Well, any opcode could be a target, so I suggest to build something like a
section entrance code that given the PC could load the apropiate registers
and jump to the middle of a jitted section. Yes, it will be slow but we are
talking about exceptions here.
> More problems arise here: The exception handler might use parrot
> registers, which might live (or better might have lived) in processor
> registers, which the longjmp already has destroyed.
> So we IMHO need to mark each OP with a flag, if it might throw an
> exception and restore all processor registers to parrot registers before
> doing this OP.
>
Since there isn't any jitted opcode throwing an exception (and all registers
are saved back to parrot register before calling C code), and if there were
any opcode jitted throwing an exception it must save the registers back
before doing so.
> [1] imcc marks the address of a set_addr OP as branch target, so that
> this basic block wouldn't be removed by dead code detection and the
> register allocator does know what to do. When a arbitrary opcode can
> jump out of the current block and resume elsewhere, the register
> allocator can't assign the same registers to these variables.
>
> So we have 3 levels, where we might have troubles:
> - JIT: processor registers
> - IMCC: parrot registers
> - HL: lexicals
>
> leo
Daniel Grunblatt.
Leopold Toetsch
> On Thursday 14 November 2002 05:14, Leopold Toetsch wrote:
>>What JIT needs to know is the location of the resume opcode, to mark it
>>as a jump target properly, so that processor registers can be setup
>>correctly.
> Well, any opcode could be a target, so I suggest to build something like a
> section entrance code that given the PC could load the apropiate registers
> and jump to the middle of a jitted section. Yes, it will be slow but we are
> talking about exceptions here.
There must be some code, that installs the exception handler.

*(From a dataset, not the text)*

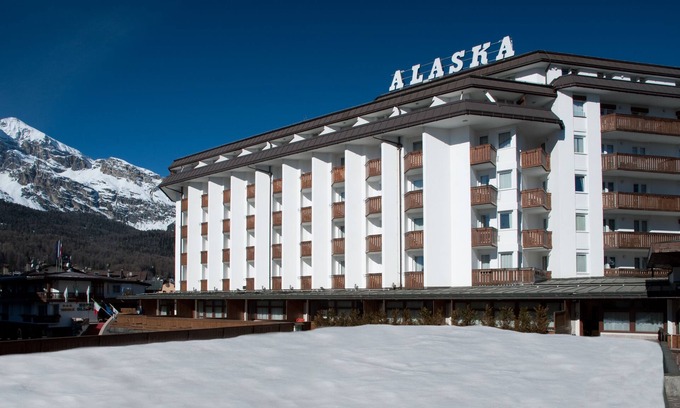 Cortina d'Ampezzo Historic Centre Apartment | Delightful Hotel Alaska: Family-Friendly Stays in Cortina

This code
has the address of the exception handler, which JIT has to know too.
Being prepared to enter at arbitrary places in JIT would inhibit
processor register usage totally, or wouldn't be any win.

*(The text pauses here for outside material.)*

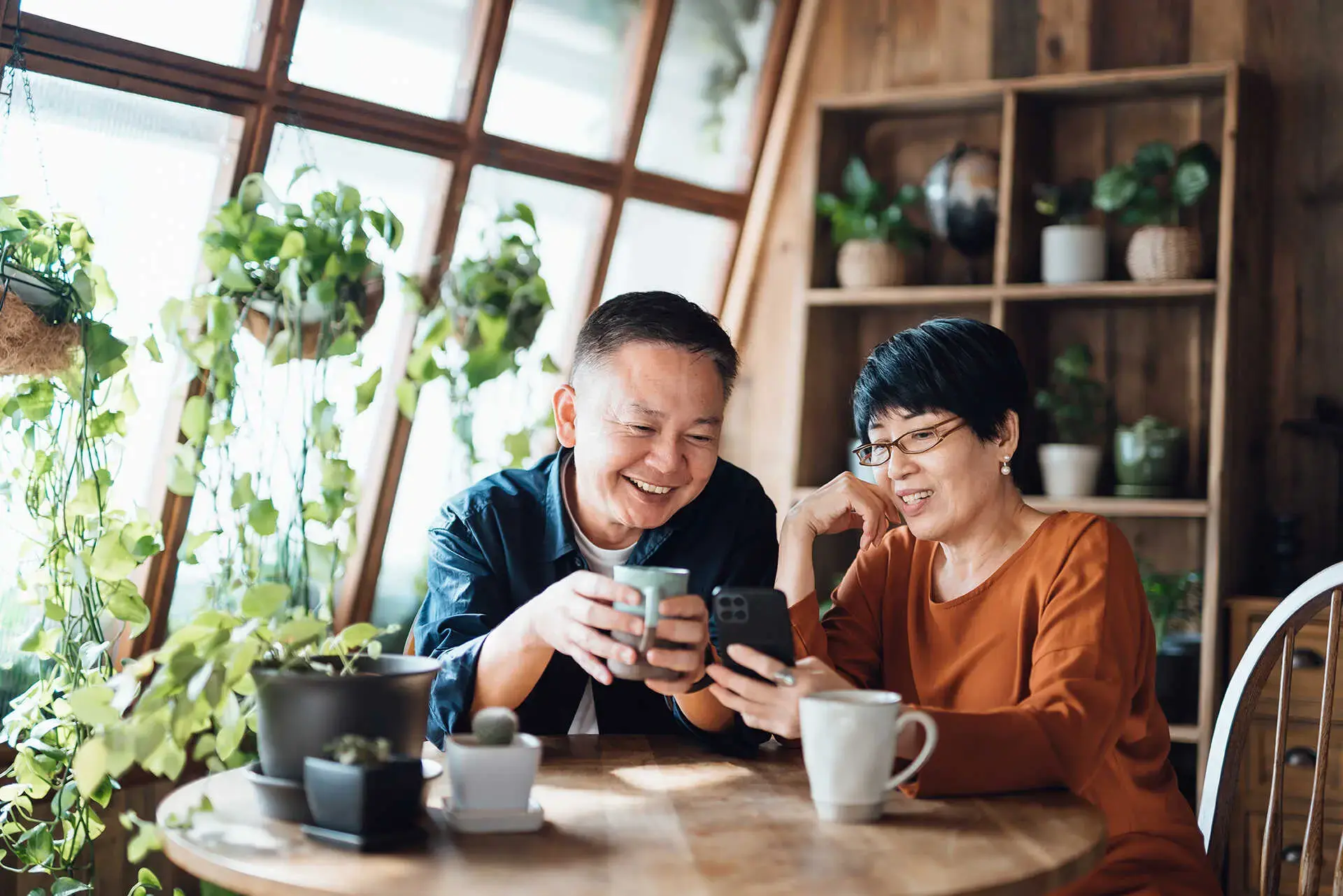 Một tách cà phê khởi động ngày mới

>>So we IMHO need to mark each OP with a flag, if it might throw an
>>exception and restore all processor registers to parrot registers before
>>doing this OP.
> Since there isn't any jitted opcode throwing an exception ...

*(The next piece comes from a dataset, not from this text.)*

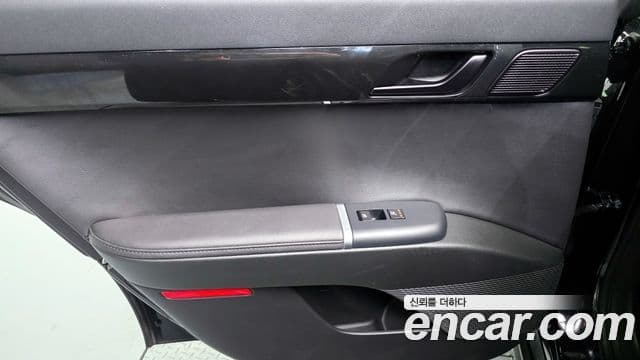 Hyundai Grandeur Hybrid 2023 — Photo 8/31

div by zero, modulo (div currently only PPC but...)
> (and all registers
> are saved back to parrot register before calling C code),
.... which I want to avoid for callee saved registers ...
> and if there were
> any opcode jitted throwing an exception it must save the registers back
> before doing so.
So, it would be useful to know, which op code might throw an exception.
> Daniel Grunblatt.
leo
Daniel Grunblatt
> Daniel Grunblatt wrote:
> > On Thursday 14 November 2002 05:14, Leopold Toetsch wrote:
> >>What JIT needs to know is the location of the resume opcode, to mark it
> >>as a jump target properly, so that processor registers can be setup
> >>correctly.
> >
> > Well, any opcode could be a target, so I suggest to build something like
> > a section entrance code that given the PC could load the apropiate
> > registers and jump to the middle of a jitted section. Yes, it will be
> > slow but we are talking about exceptions here.
>
> There must be some code, that installs the exception handler. This code
> has the address of the exception handler, which JIT has to know too.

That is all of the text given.